I was failing consistently at everything I did, could barely provide for my family, was holding my marriage together by a thread. When I came to realize that everytime I thought of success, of obtaining a creature comfort, of providing for my family beyond a subsistence level "He" would speak. The message was always the same: that is ungodly, you pursue success against my wishes. It was a hideous and cruel form of legalism.
The tipping point came when I was listening to a teaching tape on being a Christian businessman. An all too familiar story was given. God led the teacher into a course of action. It was successful. But then because the teacher did ONE thing wrong, something not listed as wrong in scripture, something he had no way of knowing was wrong, but because of that God said, Well you blew it, I withdraw my blessing. And his business failed. He lost everything.
That was the God I Knew. I was devestated. I could never succeed at anything with his blessing, because someway somehow my thoughts or actions or desires were going to offend him and just when I thought I had success He would take it away.
When I became aware of this "voice"/feeling/thought/internal conflict I became angry. I went to war with the God I Know. That is his name. Everytime those legalistic thoughts would arise I would go into an absolute rage, drowning them out with my own voice, yelling "POLAR BEAR!!!!" LOL. Just kidding. No I can't type what I said to the GIK. I came to veiw him as demonic. I noticed that he never had any comeback. I would say the most awful, horrendeous things and "he" would shut up.
I maintained that out there somewhere was The Real God, I knew what he was supposed to look like/be like but I accepted that I did not know Him. I wanted to though, and asked that he reveal himself. I was greeted by deafening silence.
So I just continue on my journey. Godless. I kinda hope He is out there somewhere, but at least without the God I Know I am for the first time in a decade free of depression - really, just free - experiencing liberty for the first time in my life. I live free of guilt. I kind of smiled as I read the "short skirt" story, remembering when looking would mean sin and guilt. It doesn't anymore. That is freedom.
Posted by: Derek | January 03, 2007 at 09:34 PM
Chris, Derek and everyone else who has comented on this post - it is refreshing, encouraging, yet sad, to read this story. I started keeping my blog after reading this same story over and over on others' blogs. I look forward to part II and beyond.
To Derek who writes: "I knew what he was supposed to look like/be like but I accepted that I did not know Him." That, my friend, is why God reached out to draw us to Him through the atoning sacrifice of His Son, Jesus Christ. We can't ever know God, reach out to Him successfully or do one single thing to please him, yet God still desired us so He provided a way. Don't waste time waiting for God to speak to you; He has already spoken.

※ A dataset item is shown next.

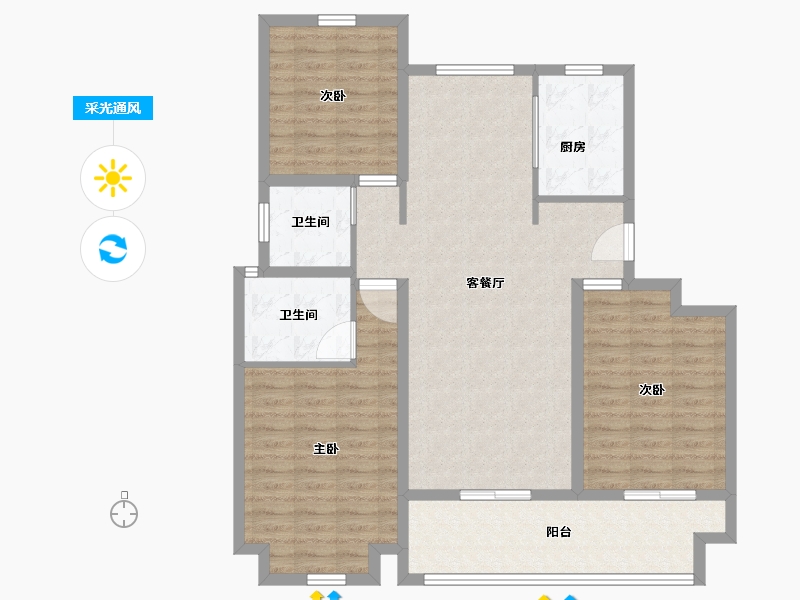 山东省-青岛市-华庭丽景-105.50-户型库-采光通风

You were abused at the hands of well-meaning, but lost, souls; don't let them continue to rob you of God's act of reaching down to you to save your soul and your life.

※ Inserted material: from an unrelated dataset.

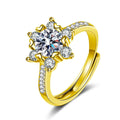 Snowflake Round Moissanite Adjustable Engagement Ring with CZ in gold-plated S925 sterling silver on clean white background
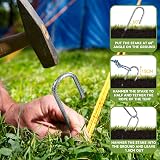 Graxury 12in Ground Stakes Kit 20 Pack Galvanized Steel J Hook Rebar Anchors view 4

Posted by: Theresa K. | January 04, 2007 at 09:53 AM
We, as a ministerium, had Jay Carty in two years to help us understand we could stand, resist temptation and take back ground previously available to the enemy. It's not a matter of Zen Buddhism, but of thinking on those things which are true, lovely, pure, honest, of good report rather than 'bared flesh'/immodest attire, gold or glory. Temptation does not come from God, but His grace will not suffer/allow us to be tempted sans means of escape. We must resist the enemy's wiles and he will flee. The analogy of putting a two year old to bed is apt.